Store cooked patties without the buns or toppings in an airtight container for 3 to 4 days. Keep the whipped feta tzatziki separate in the fridge.

Freezer

Freeze uncooked patties on a parchment-lined baking sheet until solid, then transfer them to a freezer bag. They’ll keep well for up to 3 months.

Reheating

Warm the patties in a skillet or oven until heated through. Skip the microwave if you can because it steams the burger and softens the outside.

FAQs

What is the best seasoning for lamb burgers?

Fresh mint, dill, garlic, harissa, and feta are my favorite seasonings for lamb burgers. Lamb has a rich flavor, so it loves bold herbs and warm spices. The feta mixed into the meat also seasons the burger from the inside.

How do you keep lamb burgers from falling apart on the grill?

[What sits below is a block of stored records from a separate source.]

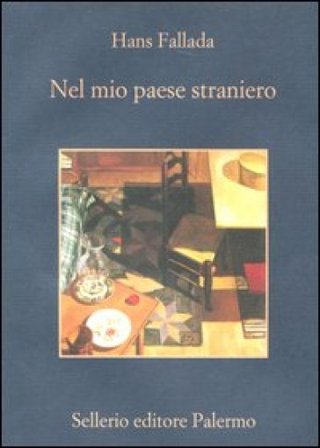 Nel mio paese straniero. Diario dal carcere 1944 Hans Fallada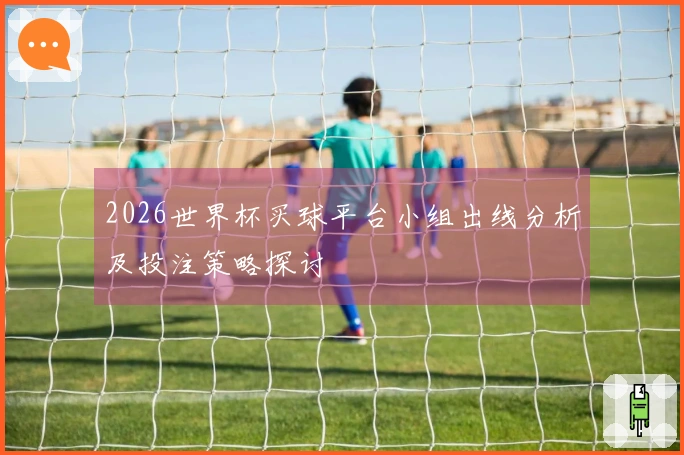 2026世界杯买球平台小组出线分析及投注策略探讨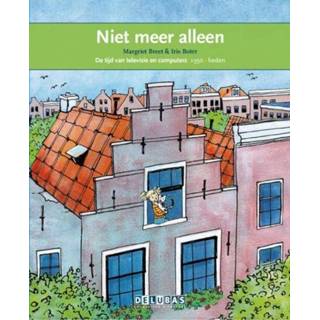 👉 Leesboek Terugblikken leesboeken Niet meer alleen - Margriet Breet (ISBN: 9789053001981) 9789053001981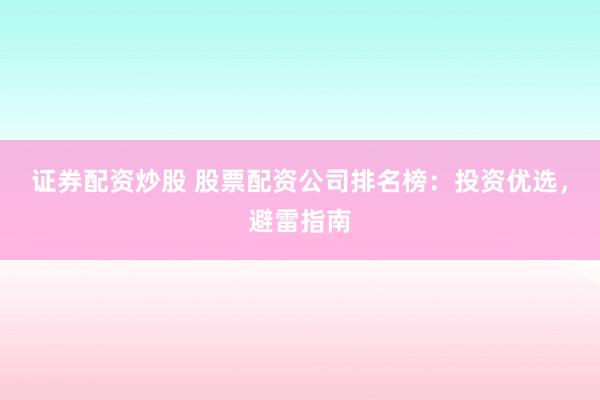 证券配资炒股 股票配资公司排名榜：投资优选，避雷指南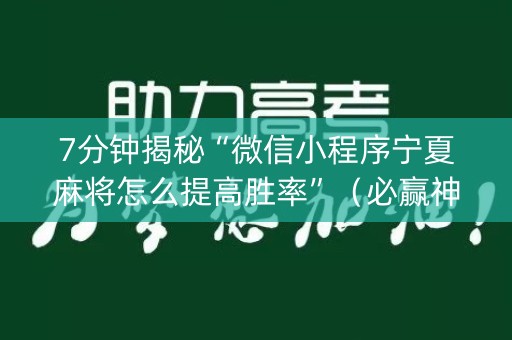 7分钟揭秘“微信小程序宁夏麻将怎么提高胜率”（必赢神器辅助器)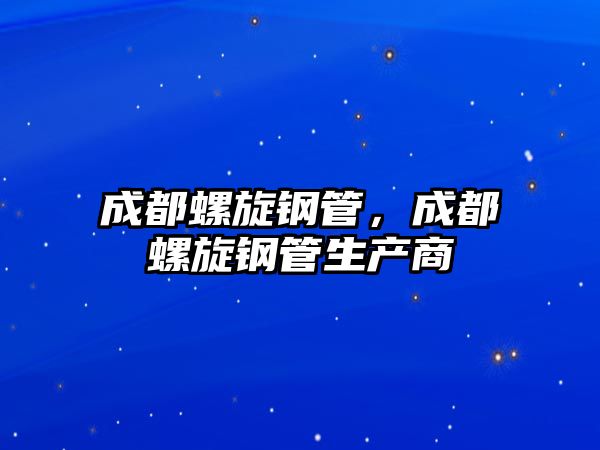 成都螺旋鋼管，成都螺旋鋼管生產(chǎn)商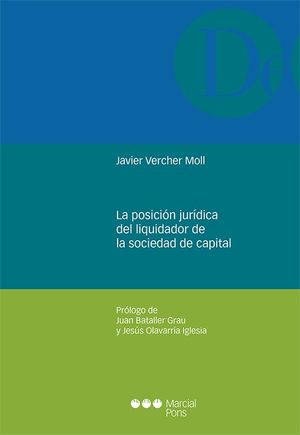 LA POSICIÓN JURÍDICA DEL LIQUIDADOR DE LA SOCIEDAD DE CAPITAL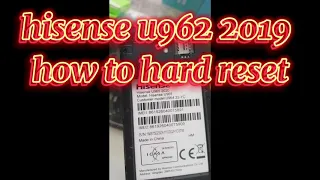 hisense u962 2019 how to hard reset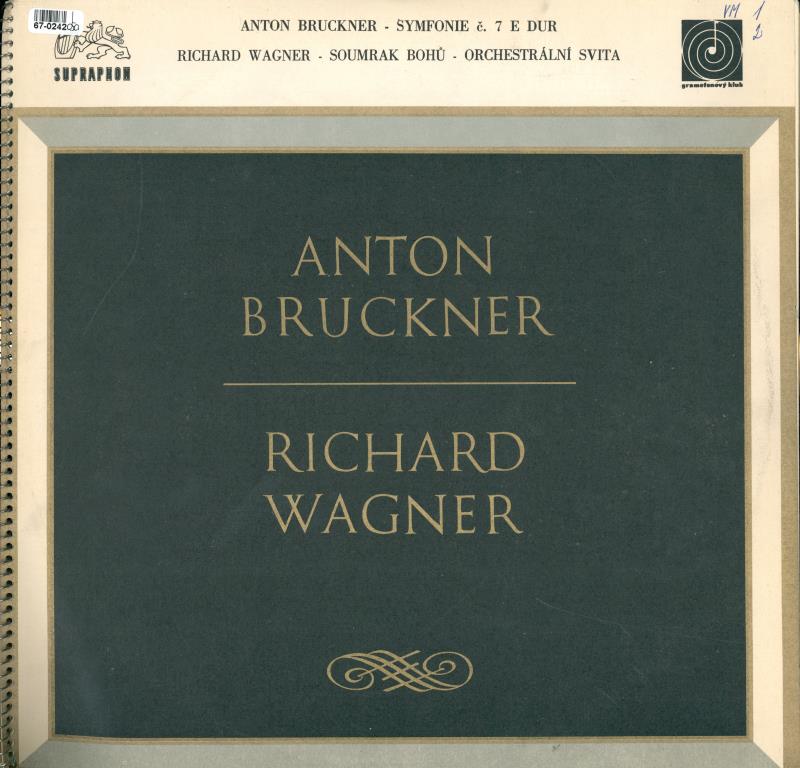 Anton Bruckner - Symfonie č. 7, Richard Wagner - Soumrak Bohů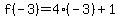 f%28-3%29=4%28-3%29%2B1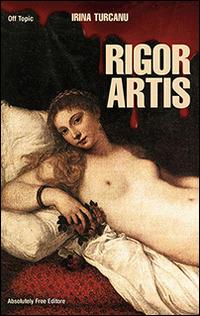 Rigor artis - Irina Turcanu - copertina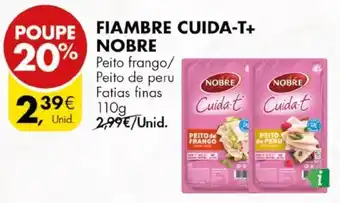 Pingo Doce FIAMBRE CUIDA-T+ NOBRE 110g promoção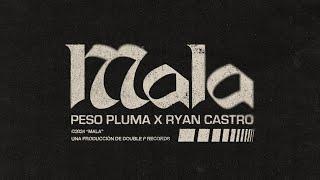 MALA (Lyric Video) - Peso Pluma, Ryan Castro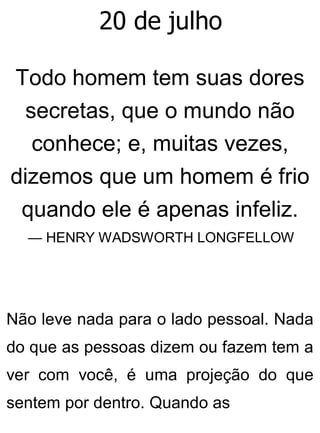 20 de julho
Todo homem tem suas dores
secretas, que o mundo não
conhece; e, muitas vezes,
dizemos que um homem é frio
quando ele é apenas infeliz.
— HENRY WADSWORTH LONGFELLOW
Não leve nada para o lado pessoal. Nada
do que as pessoas dizem ou fazem tem a
ver com você, é uma projeção do que
sentem por dentro. Quando as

Grate the onion instead of chopping it, then squeeze out the extra liquid before adding it to the lamb. This keeps the patties flavorful without making them too wet. Also, don’t overmix the meat and make sure your grill grates are well oiled.

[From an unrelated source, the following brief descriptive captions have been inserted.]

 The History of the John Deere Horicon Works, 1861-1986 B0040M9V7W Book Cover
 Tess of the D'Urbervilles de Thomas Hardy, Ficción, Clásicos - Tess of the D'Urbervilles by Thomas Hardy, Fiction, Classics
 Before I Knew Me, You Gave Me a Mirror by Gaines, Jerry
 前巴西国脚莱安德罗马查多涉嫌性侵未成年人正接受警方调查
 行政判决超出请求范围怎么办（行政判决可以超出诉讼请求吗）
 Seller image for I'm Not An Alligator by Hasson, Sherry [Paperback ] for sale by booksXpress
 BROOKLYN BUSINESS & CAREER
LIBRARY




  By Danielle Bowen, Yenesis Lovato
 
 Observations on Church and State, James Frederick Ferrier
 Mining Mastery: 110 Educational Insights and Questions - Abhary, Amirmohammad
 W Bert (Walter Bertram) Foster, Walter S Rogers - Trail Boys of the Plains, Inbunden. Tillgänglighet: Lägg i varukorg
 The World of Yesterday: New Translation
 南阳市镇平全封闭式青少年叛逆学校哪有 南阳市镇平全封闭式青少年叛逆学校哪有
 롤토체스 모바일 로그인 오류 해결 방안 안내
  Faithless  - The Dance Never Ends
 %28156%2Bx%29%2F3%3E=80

Can you cook lamb burgers in a skillet instead of on the grill?

Yes. A cast iron skillet works beautifully for lamb burgers. You’ll get a great crust and a juicy center, even without the grill.

What temperature should lamb burgers be cooked to?

Ground lamb should be cooked to 160°F for food safety. Use an instant-read thermometer and let the burgers rest for a few minutes before serving.

What sauce goes best with lamb burgers?

Whipped feta tzatziki is perfect with lamb burgers. It’s creamy, tangy, salty, and fresh, and it cools down the harissa-spiced lamb without overpowering it.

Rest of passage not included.